_WHAT IS BEING ASKED_
Leaving the pictures aside, reproduce the data in full and word for word.

_MATERIAL PROVIDED_
+ + +
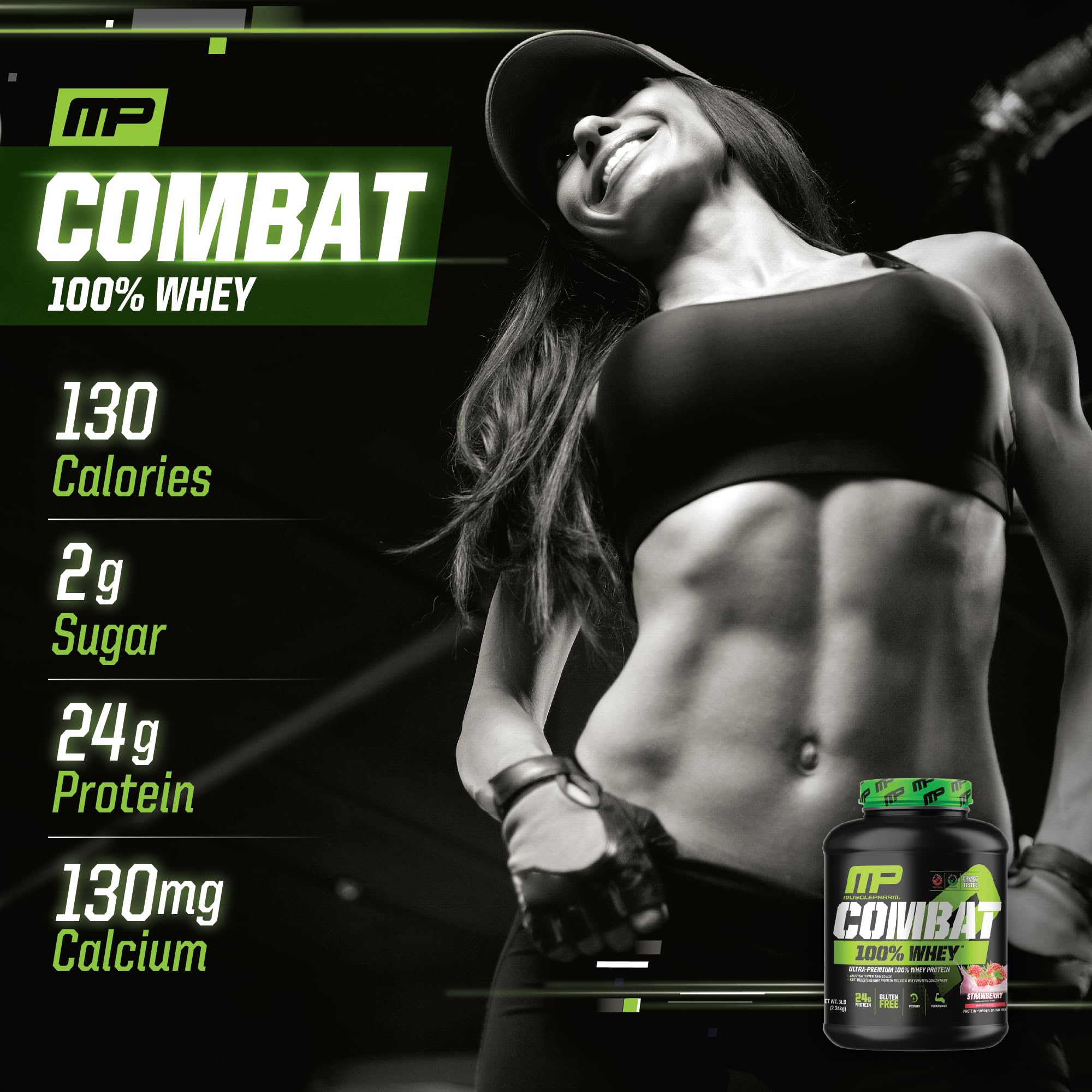 MusclePharm Combat 100% Whey Protein Powder, Strawberry Cream Flavor Muscle Pharm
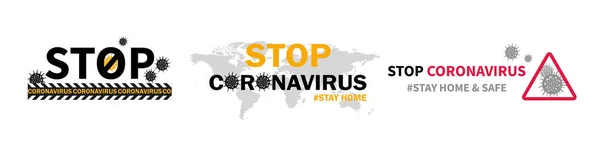 Tres diseños para detener el Coronavirus en blanco — Archivo Imágenes Vectoriales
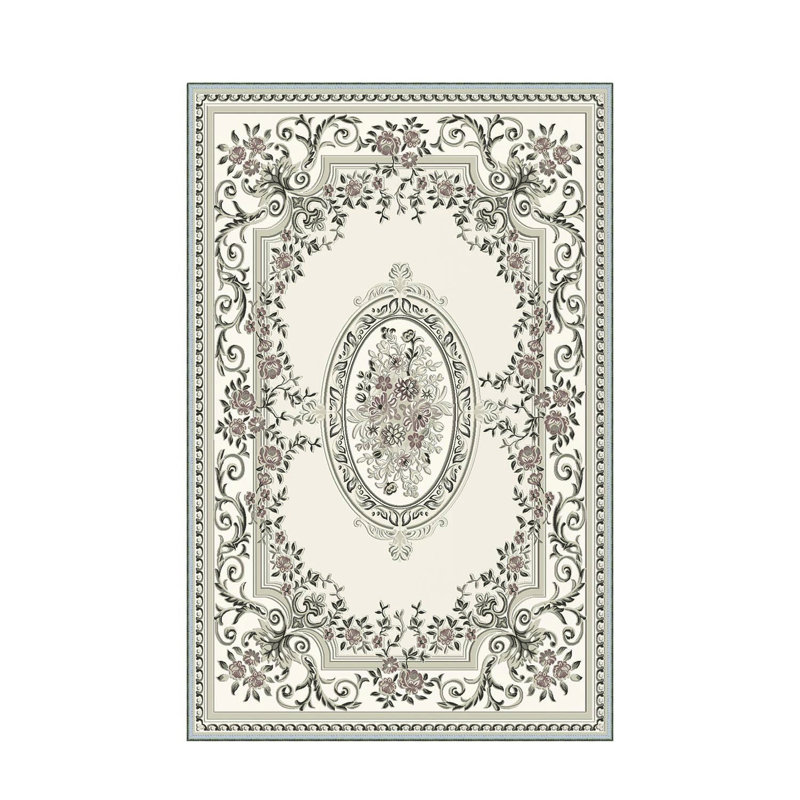 Luxurious Woven Area Rug, 5.9 x 9.2 ft, 100% Polyester, Antibacterial | Non-Slip PVC Felt Dot Underside, 0.3 in Pile Height | Machine Washable, 3D Digital Print, Perfect for Living Room & Bedroom Décor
+ + +
_ANSWER TO THIS TASK_
 MusclePharm Combat 100% Whey Protein Powder, Strawberry Cream Flavor Muscle Pharm
 Tres diseños para detener el Coronavirus en blanco — Archivo Imágenes Vectoriales
 Luxurious Woven Area Rug, 5.9 x 9.2 ft, 100% Polyester, Antibacterial | Non-Slip PVC Felt Dot Underside, 0.3 in Pile Height | Machine Washable, 3D Digital Print, Perfect for Living Room & Bedroom Décor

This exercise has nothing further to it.